Interview with a link spammer
by Sapphire (March 23, 2005)
Sam - let’s call our interviewee Sam, it’s suitably anonymous - lives in a three-bedroom semi-detached house in London, drives a vintage Jaguar and runs his own company. But “it’s not not all rock and roll and big money”, says Sam. What isn’t? Spamming websites and blogs with text to pump up the search engine rankings of sites pushing PPC (pills, porn and casinos), that’s what.
That’s just the first paragraph, and it goes on to explain some of the how and why, and tackle the issues of morals and law. Personally, I’m sympathetic to why these guys do what they do - the legitimate rules of the game are stacked against web entrepreneurs. We’re no longer in an age where working hard and working smart cut it, and those who have are becoming less willing to share.

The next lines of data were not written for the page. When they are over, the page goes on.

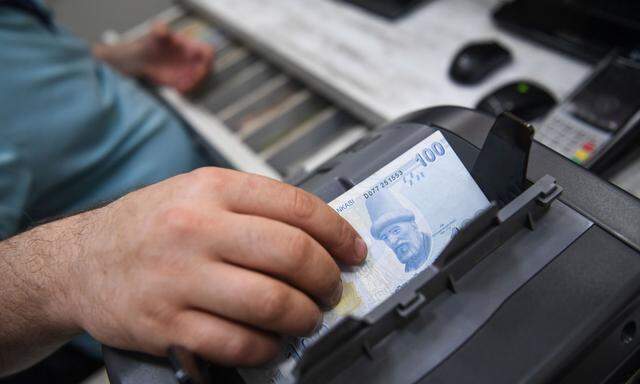 Fast jeden Tag ein neuer Tiefststand: Die Türken müssen unter der Abwertung ihrer Währung leiden. 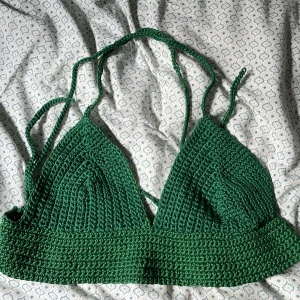 Egenvirkad topp - Egenvirkad topp i grönt garn💚Storlek och B-cupa/ C-cupa
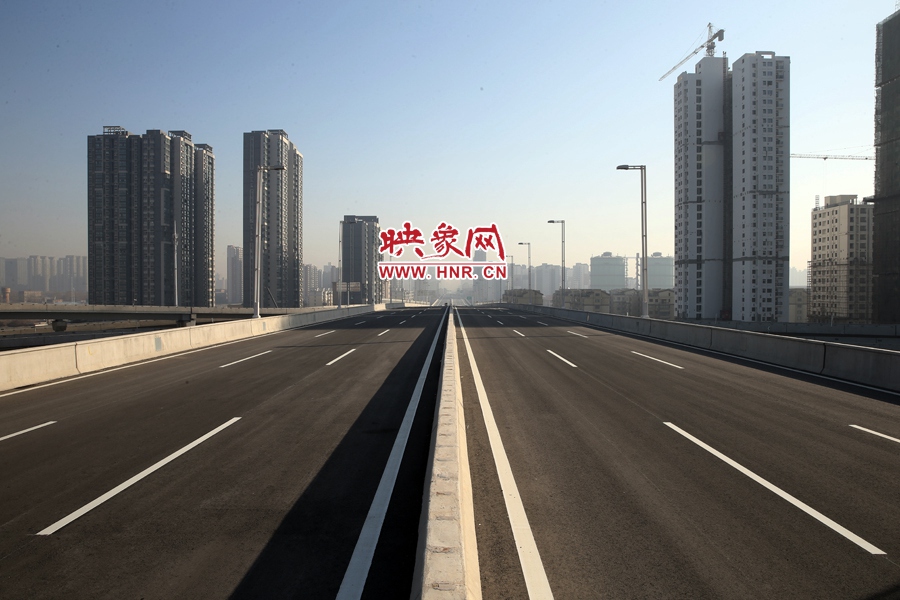 隴海高架過西三環(huán)進入市區(qū)。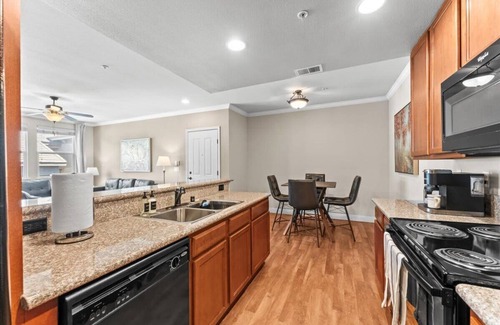 Reno/Tahoe Airport Apartment | New 1BR Apartment with Heated Pool, Gym & Minigolf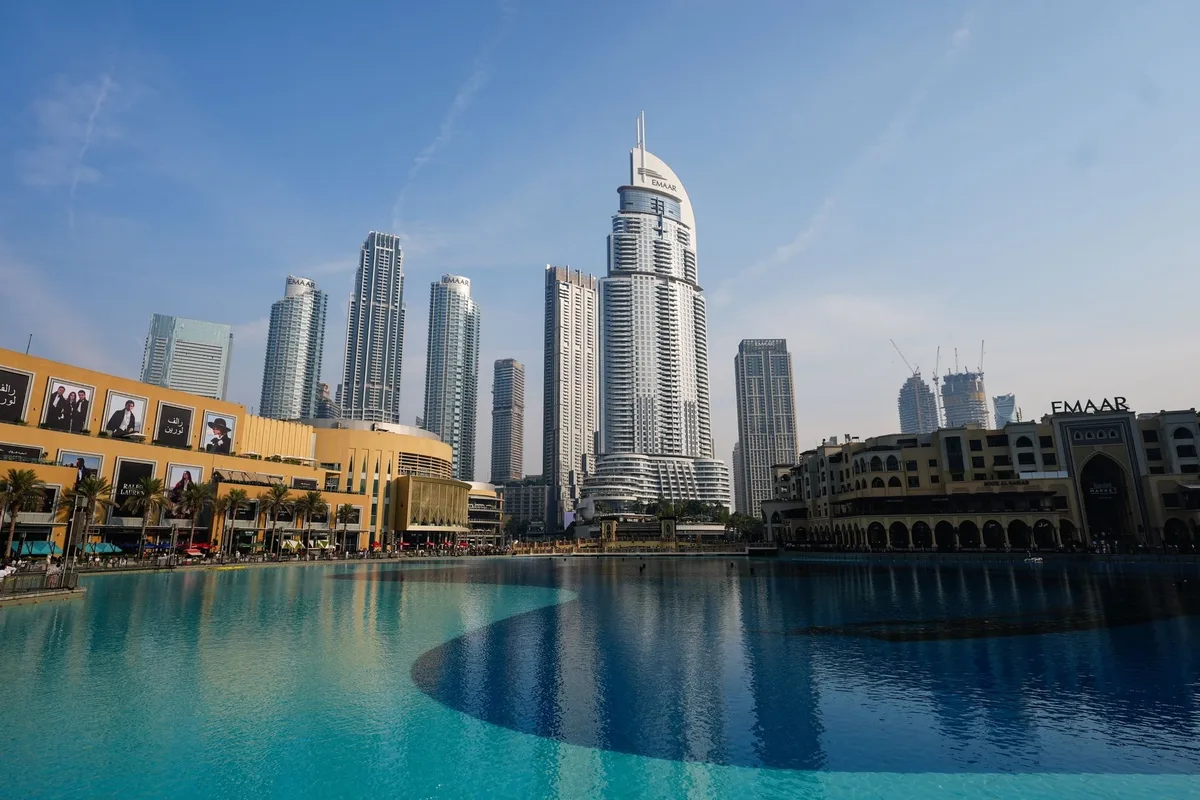 Emiratos Árabes Unidos suspende sus vínculos comerciales con Irán y Teherán amenaza a los aliados norteamericanos del Golfo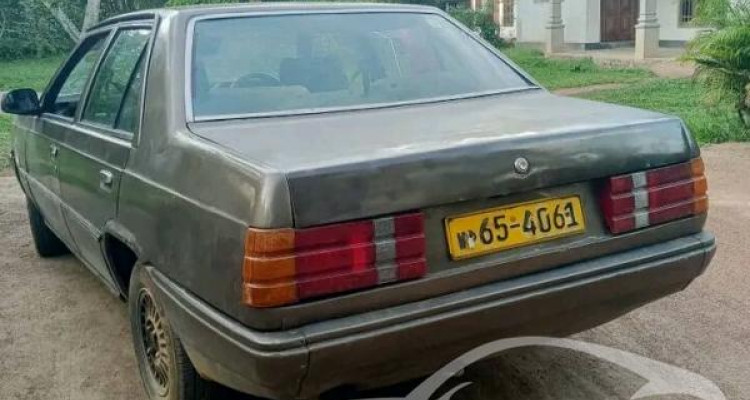 HYUNDAI STELLAR 1986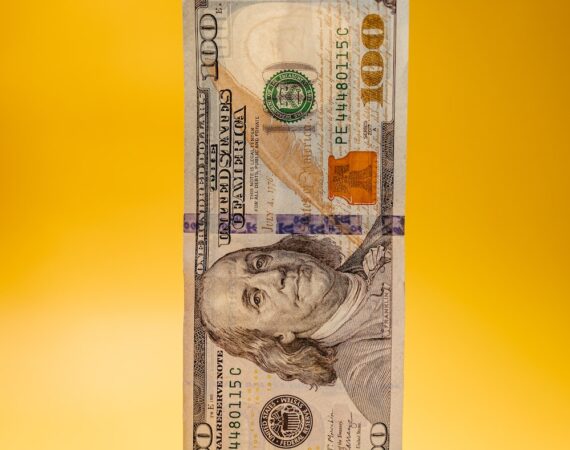 photo 1671469904992 3431af7841cb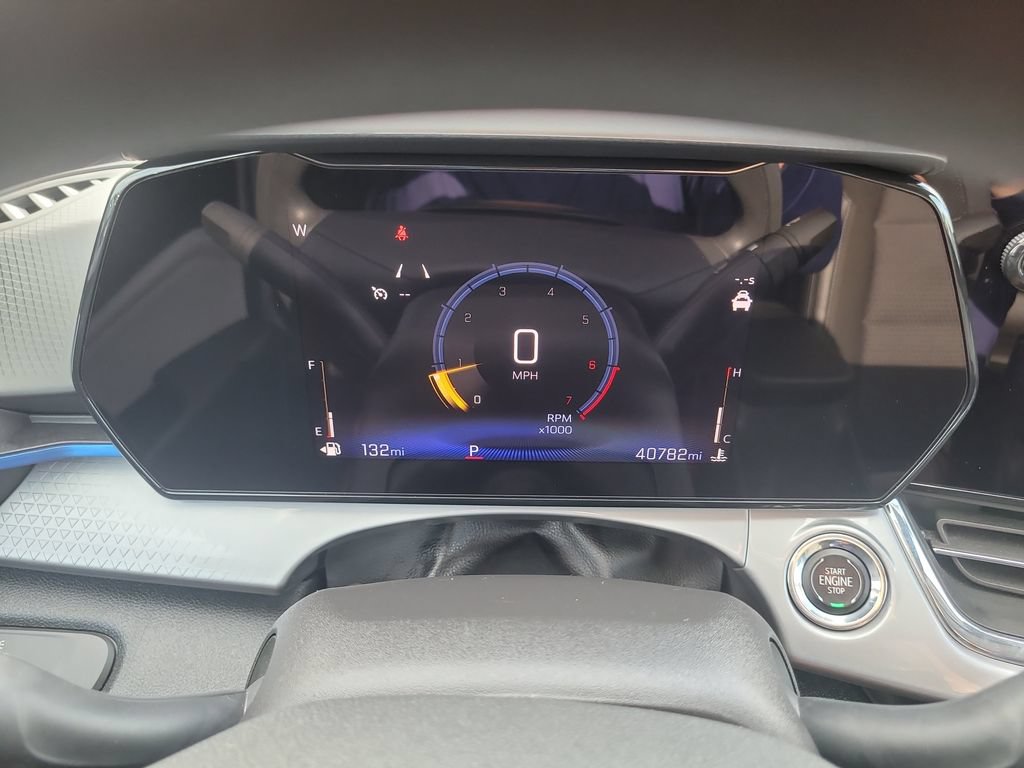 Used 2025 Chevrolet Trax LT FWD image 33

They’re just exploiting a weakness in a system which blossomed just at the time that Google cracked down on the previous method that spammers used, where huge “link farms” of their own web sites pointed circularly to each other to boost each others’ ranking.
I’m torn on this issue, to be honest. I can see both sides. I unequivocally don’t think people setting up blogs deserve to be harrassed. But I can understand the spammer’s thinking. Some rules really are put in place solely to keep the have-nots in their place, and I’m all for breaking such rules - so long as no innocent bystanders get hurt.